Monday, August 9, 2010

The smallest relevant text snippet for search results

Build a search engine it is not an easy thing to do. There are many interesting challenges that software engineers must solve in a way that millions of users must be satisfied every single day. Even the small components in a search engine must be optimized to satisfy a lot of requirements: quality, performance, accessibility and so on. For example, did you ever thought about how that small snippets of search results are built? Despite the importance of that small text to the end user, what serves as a "hint" of what is more relevant before the user click, people may ignore the clever solutions behind that snippet.

Example of text snippet that emphasizes the query terms
That "small" component of a search engine is executed, at least, for each result on the first page every query processed. That snippet is built from much larger texts found in webpages and you still get it all in milliseconds. That must be really fast...

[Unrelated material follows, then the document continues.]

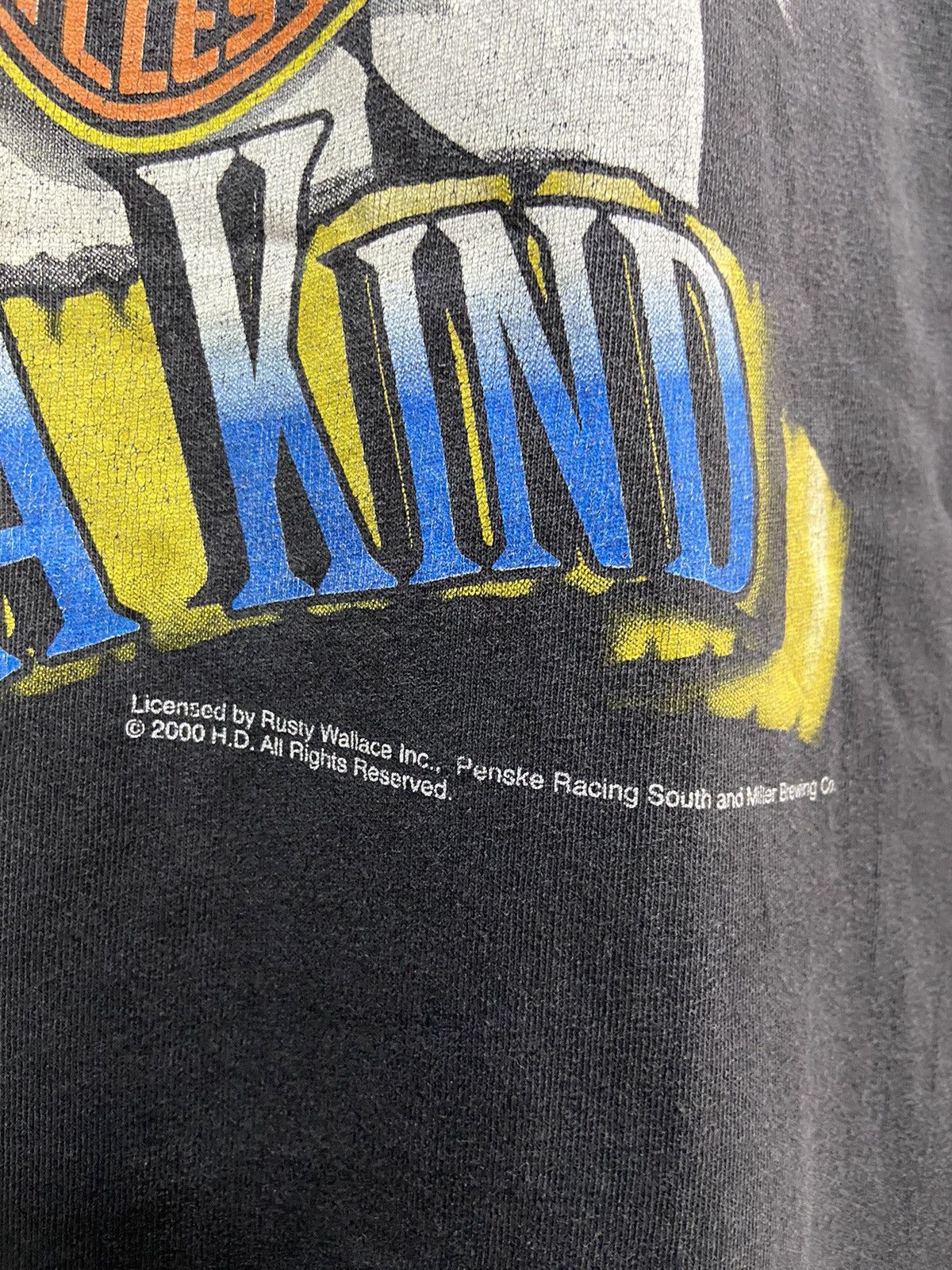 Chase Authentics VINTAGE RUSTY WALLACE HARLEY DAVIDSON 00’s NASCAR TEE SHIRT Size US XL / EU 56 / 4 - 10 Thumbnail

This post will give you algorithms to build that snippets in a clever way, giving to the end-user a relevant part of the original text found in webpages/documents and doing that fast.

Problem Definition:

Suppose that you have two inputs: the user query and one text. Also you have one constraint: The limit of characters to show. Your task is select the most relevant parts of the original text (giving the user query terms and one constraint of the snippet length) to show to the user. "Most relevant" can be defined in different ways depending on your audience, which documents you are indexing and others things I can't imagine right now... But one thing that we can assume is that people may expect snippets that include some terms she/he used in query time. So, I'll break the problem in two parts:
  • First, select the minimum text window from the original text that includes ALL query terms (I'll call that as MINWINDOW algorithm).
  • Second, select the most relevant parts from that window, subject to the length constraint. (I'll call that as CUT algorithm).
Breaking that in two parts helps to abstract the concept of "most relevant" and left that to be solved further, also, it helps we use different strategies on the second part (what depends on many factors stated before). In that post I'll give you one strategy, but I'm planning a second post to give you other.

The MINWINDOW Algorithm:

Suppose you have a search engine API that returns a list of positions on the original text that marks  where each query term has matched. For example, suppose the text below:
"Lorem ipsum dolor sit amet, consectetur adipiscing elit. Cras id erat massa. Ullamcorper Lorem Sed ipsum massa risus massa sed id Lorem, ullamcorper nec sollicitudin id, congue sed tortor. Phasellus sed enim leo. Nullam vehicula varius faucibus. Vestibulum augue mi, adipiscing ac sagittis ut amet."
And the query: lorem sed massa.

Your API may return something like that:

token (lorem) found at positions: {0, 89, 130}
token (sed) found at positions: {95, 123, 177, 199}
token (massa) found at positions: {70, 105, 117}

ps.: In the final of this post you can download a simple API I designed to validate the algorithms, which is based on the inverted indices. If you want a professional API that do that and it is also free, you may consider Apache Lucene/Solr. Both Lucene and Solr have mechanisms to retrieve highlighted snippets, check it out at Solr Highlighting documentation, in special, hl.snippets and hl.fragsize. Also, If you want to get an idea of how inverted indices API can be implemented in a scalable way, you may consider this link "Batman e a Escalabilidade" (in Portuguese).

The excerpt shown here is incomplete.